I was completely seduced by a table lamp this week. It was displayed in the ‘new in’ section on one of my favourite lighting company’s website and as soon as I saw it’s beautiful emerald green ribbed base and the wicker shade it was paired with, I knew without even considering where I would put it that I had to have both it and its shade. It arrived the next day (yes, really) and immediately made itself comfortable on a sidetable next to an armchair in the kitchen. I am delighted with it but much more than that, it has transformed the corner of the room. The pool of light that it throws on to the table and chair really does change the feel of the whole kitchen and makes the chair more inviting to sit in, not to mention being able to actually see what you are reading, even if you are using a back lit device. I should be more embarrassed that I didn’t identify the need for a light there before but I am so pleased with the result that I think we need say no more about that.
Lighting is one of the most powerful elements of an interior scheme and has the ability to completely alter the functionality and the feel of a space. When planning a lighting scheme, it is crucial to have a pretty good idea of how the space will be used because the best lighting lights things – artwork, furniture, decorative features, a dining table, a desk and so on – rather than just randomly providing light. That is why when you see a really well lit space, there tends to be pools of light that draw your eye and provide contrast with other less well lit spaces.
If you are at the stage of planning your lighting scheme from scratch, you will have the luxury of using different types of light – ceiling lights, wall lights, concealed lighting and so on. But if you are not, lamps are your best friend because they can provide a lot of these effects if used cleverly. Depending on the type of lamp you use, they can provide very focused light directed onto a piece of furniture or an accessory for example, but they can also provide quite widespread up-lighting if your room is lacking light higher up in a space. The height of the floor or table lamp makes a difference but more important is the direction that the lamp projects the light. You can get some lights that really do only throw the light upwards onto a ceiling, with very little light, if any, falling down onto the space below.
If you are planning a brand new lighting scheme, or willing to make adjustments to location of sockets in a room, think about where you would want your lamps in relation to furniture you have and allow for sockets accordingly. Better still, think about installing a 5 amp lamp circuit which all your lamps can be plugged in to allowing you to control them from one (dimmable) switch on the wall.
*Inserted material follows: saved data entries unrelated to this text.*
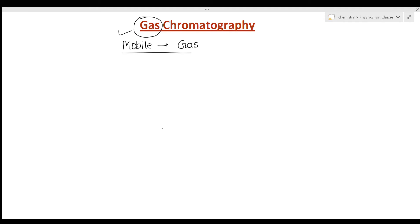Welcome to analytical chemistry in English. This lecture is based on gas chromatography. As the name suggests, one of the phases is gas — whenever the mobile phase is gas, such techniques are known as gas chromatography.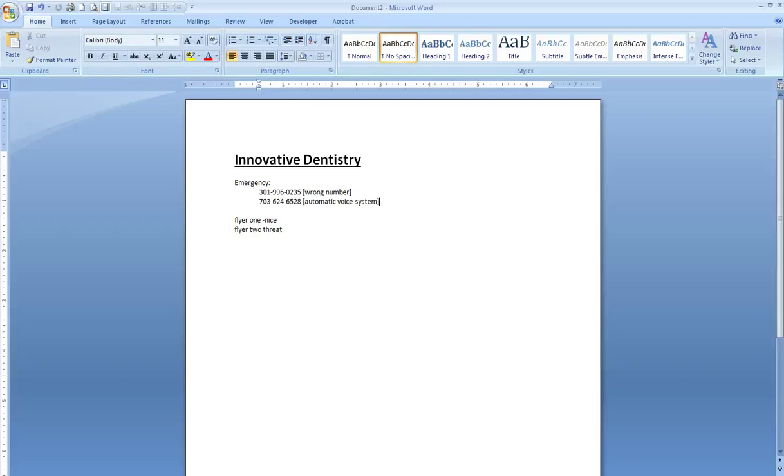I want to see you as soon as possible because I know that those other places, like Howard University, you have to wait forever. If you can call me,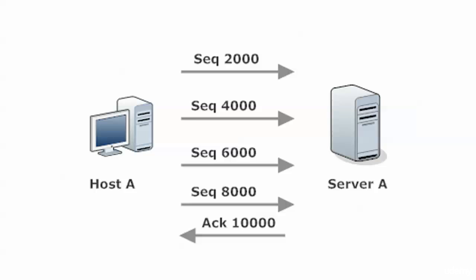Before we take a look at how TCP is going to handle that lost segment, I just wanted to give you a quick note here on this cumulative acknowledgment scheme. Here's the visual for it where the server is sending that acknowledgment back and also indicating the next sequence number it expects to see.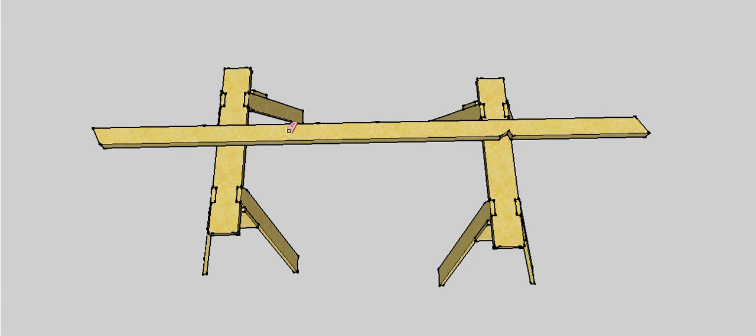So that's all you need to do for a gable roof. There are a couple more steps for a hip roof. We actually have to mark out where our crown end and our creepers are cut off, but we'll cover those in another video.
If you have a particularly big room, you might also want to think about floor sockets so that you can place a lamp next to a chair or sofa without having a wire trailing across the floor from the wall. (A word to the wise here, just to avoid confusion with your contractor – when you discuss lamps with your electrician, (s)he will assume you are taking about bulbs which they call lamps – bulbs apparently are for planting in the ground.)
The style of your lamp depends on your own interior taste and there are plenty to choose from. Not all your lamps need to make a statement, some of them can just provide light in the background, but some lamps are so beautiful that they are artwork pieces in themselves. Consider where you want to make a statement and where you just need light and pick your fittings accordingly. As well as there being a huge selection of new lamps ranging from the very traditional to the ultra modern, there are also some fantastic antique lights available with iconic collectors pieces being in very high demand. ‘1000 Lights’ published by Taschen is a great guide and contains something for every taste.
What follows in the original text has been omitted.